ACTIVITY: From the line containing "5229 Griffith Road" to the final line of the material below, copy each line exactly, including both endpoints, and leave out all other lines.

Segment Open

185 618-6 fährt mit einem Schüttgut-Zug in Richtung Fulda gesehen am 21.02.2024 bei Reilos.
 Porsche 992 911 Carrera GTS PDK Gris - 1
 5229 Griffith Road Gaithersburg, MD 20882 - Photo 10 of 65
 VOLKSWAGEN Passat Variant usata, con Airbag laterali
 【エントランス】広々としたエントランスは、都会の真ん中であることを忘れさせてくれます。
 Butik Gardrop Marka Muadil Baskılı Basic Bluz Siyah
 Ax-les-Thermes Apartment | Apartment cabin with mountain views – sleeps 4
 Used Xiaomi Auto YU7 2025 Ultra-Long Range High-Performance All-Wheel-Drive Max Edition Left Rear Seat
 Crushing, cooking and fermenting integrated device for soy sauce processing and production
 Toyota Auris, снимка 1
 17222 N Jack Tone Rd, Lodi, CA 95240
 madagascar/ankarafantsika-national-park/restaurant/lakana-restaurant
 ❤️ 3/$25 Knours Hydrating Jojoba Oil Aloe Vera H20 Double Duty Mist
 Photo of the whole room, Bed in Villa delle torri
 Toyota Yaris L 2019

Segment Closed

TASK ANSWER:
 5229 Griffith Road Gaithersburg, MD 20882 - Photo 10 of 65
 VOLKSWAGEN Passat Variant usata, con Airbag laterali
 【エントランス】広々としたエントランスは、都会の真ん中であることを忘れさせてくれます。
 Butik Gardrop Marka Muadil Baskılı Basic Bluz Siyah
 Ax-les-Thermes Apartment | Apartment cabin with mountain views – sleeps 4
 Used Xiaomi Auto YU7 2025 Ultra-Long Range High-Performance All-Wheel-Drive Max Edition Left Rear Seat
 Crushing, cooking and fermenting integrated device for soy sauce processing and production
 Toyota Auris, снимка 1
 17222 N Jack Tone Rd, Lodi, CA 95240
 madagascar/ankarafantsika-national-park/restaurant/lakana-restaurant
 ❤️ 3/$25 Knours Hydrating Jojoba Oil Aloe Vera H20 Double Duty Mist
 Photo of the whole room, Bed in Villa delle torri
 Toyota Yaris L 2019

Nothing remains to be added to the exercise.